第22話 両者の羞恥とお買い物(1)

「んん……。どれにしようか迷うわ……」

「確かに、これだけの種類があると迷いますよね」

 現在、お買い物スイッチが完全オンの澪は、形の良いあごに手を当ててとある商品に視線を向けていた。


 その商品というのはカット野菜だ。コールスローや、緑黄色の野菜ミックス、大根ミックスなど、ここだけで片手じゃ数えられないくらいにある。

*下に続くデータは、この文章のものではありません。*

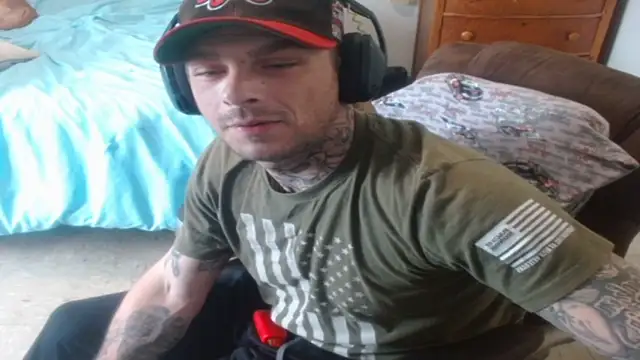 DADDY_KANE8--- webkamerás műsora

 最近のものは洗わずとも食べられるという便利な野菜だ。


「本当は生の野菜を買った方が栄養も高いのだけれど、この便利さにどうしても甘えちゃうのよね」

 そう言いながら視線は逸らしてはいない。真剣に選んでいるようである。


「澪さんは野菜、好きなんですか?」

「ええ。斗真くんはどうなの?」

「自分は好きこのんでは食べませんね……。お肉の方どうしても優先して食べてしまって」

そう返事をした矢先だった。

『ガサっ』

 率先して荷物役を請け負った斗真が持つカゴに、レタスミックスと、大根ミックスが入る。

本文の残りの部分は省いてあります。